The Death Railway was built in 1943 to supply the Japanese army. Its construction cost more than 100,000 lives due to the deadly working conditions of the forced laborers.

His father, who survived the war, died just prior to the publication of the book. Flanagan visited Japan to try to understand his father’s experiences.

“Going to Japan frightened me,” he says. “I knew I would have to control my emotions and not get upset. But I wanted to meet these people, not in the spirit of a prosecutor or a judge or a policeman. I wanted to soak up everything about them and try to meet them as fully as I could as another human being and not have emotions.”

The author summoned the courage to interview some Japanese guards from the camp. It was there he unexpectedly met Ivan the Terrible, the cruel POW camp guard of whom his father spoke in his many stories about the war.

Flanagan only realized the guard’s identity a few minutes before meeting him.

“There he was, this very gentle, gracious man of 93, who tried to answer my questions as best as he could,” he recalls. “He said he couldn’t remember the violence.”

Parsing the past to comprehend the present
SHINE

The author asked him to re-enact binta punishment, the hard slapping of a face as swift corporal punishment in the camp.

“It gave me a greater sense of the immense sadness that happened to everybody,” he says. “I didn’t learn anything, but I gained a sense of how terrible these things were for everybody. You either had to suffer or you had to inflict suffering. If you inflicted suffering, your suffering never ended thereafter.”

Flanagan grew up in a remote, small mining town in Tasmania, a descendant of Irish convicts exiled to the island for stealing cornmeal during a famine. By the age of 3, he said he knew he wanted to be an author.
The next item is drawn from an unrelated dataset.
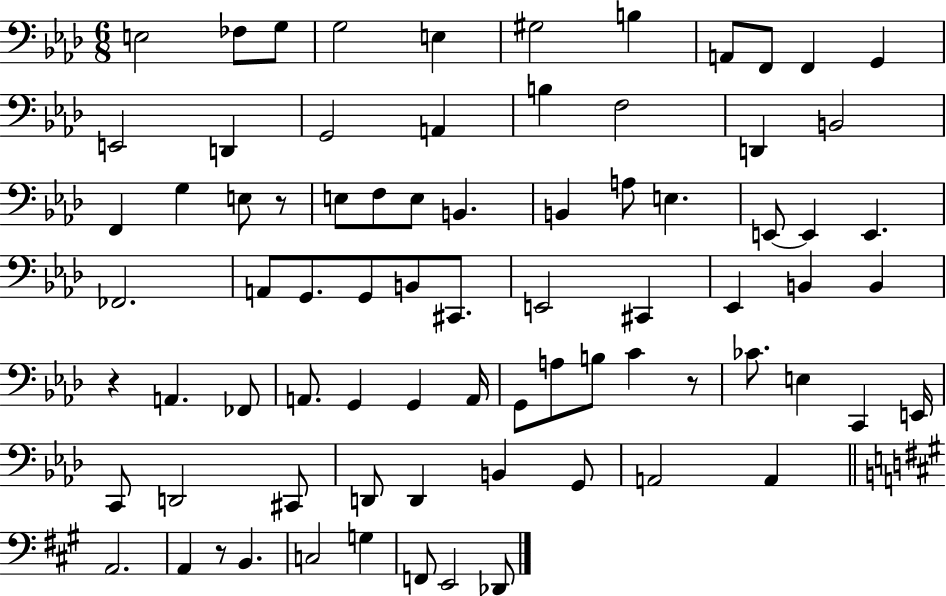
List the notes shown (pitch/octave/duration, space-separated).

E3/h FES3/e G3/e G3/h E3/q G#3/h B3/q A2/e F2/e F2/q G2/q E2/h D2/q G2/h A2/q B3/q F3/h D2/q B2/h F2/q G3/q E3/e R/e E3/e F3/e E3/e B2/q. B2/q A3/e E3/q. E2/e E2/q E2/q. FES2/h. A2/e G2/e. G2/e B2/e C#2/e. E2/h C#2/q Eb2/q B2/q B2/q R/q A2/q. FES2/e A2/e. G2/q G2/q A2/s G2/e A3/e B3/e C4/q R/e CES4/e. E3/q C2/q E2/s C2/e D2/h C#2/e D2/e D2/q B2/q G2/e A2/h A2/q A2/h. A2/q R/e B2/q. C3/h G3/q F2/e E2/h Db2/e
Writing at night, he financed his ambition by a variety of jobs, including river guide, construction worker and ghostwriter. Those experiences later wound into many of his works, such as his first novel, “Death of a River Guide,” and his most recent one, “First Person,” in which the protagonist is a Tasmanian hired to be a ghostwriter.
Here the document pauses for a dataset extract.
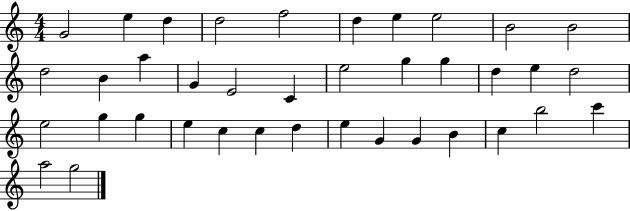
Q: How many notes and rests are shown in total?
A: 38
Flanagan left school at 16 but later earned a bachelor of arts degree from the University of Tasmania. He won a Rhodes Scholarship to Oxford in 1984.
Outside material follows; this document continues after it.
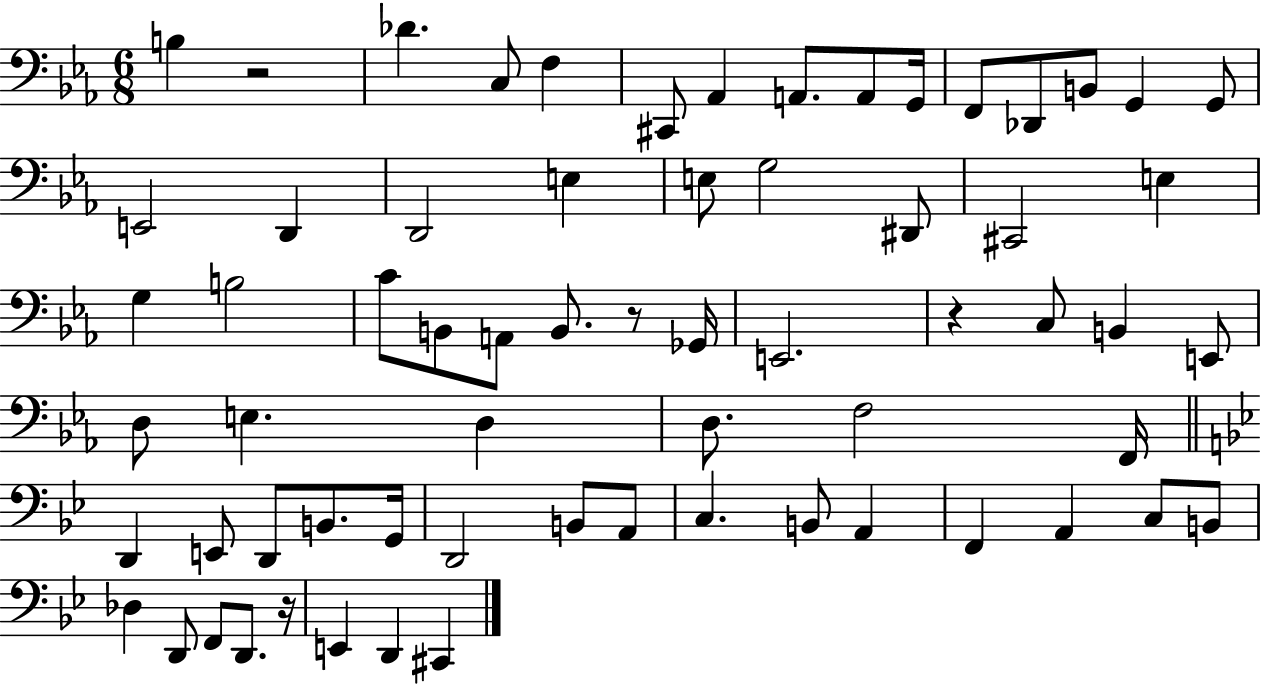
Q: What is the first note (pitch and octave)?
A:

“I never saw a crowd until I was in my 20s,” he recalls. “When I went to live in England, I was walking down a street in London and I was in this big crowd. I didn’t know anybody and I was frightened. I had never been in a place where I didn’t know people or wasn’t related to them.”

In “The Narrow to the Deep North,” he wrote: “All this was in the days when the world was wide and the island of Tasmania was still the world.”

Tasmania was permanently settled in 1803 as a British penal colony for criminals, misfits and anyone English authorities deemed undesirable. It’s a history filled with cruelty, including the near annihilation of the island’s indigenous population.

“I was intrigued by the past,” Flanagan says. “The past was a big thing in Tasmania because we had a terrible past that no one had really talked about. The past was more powerful in Tasmania than in other places. It was a weight on people. They felt they couldn’t escape their past. The past was very present.”

Many of Flanagan’s novels are set in the past, but it doesn’t mean the author is careless about the present.

“Any novel or film can look as though it’s about the past, but really it’s really about the present,” he says. “When people went to watch Shakespeare’s ‘Antony and Cleopatra’ in Elizabethan England, they knew that it was really a play about them. In the end, I am just writing about human beings and what people do when they love and hate each other, and when they try to help each other. The rest is just a stage setting.”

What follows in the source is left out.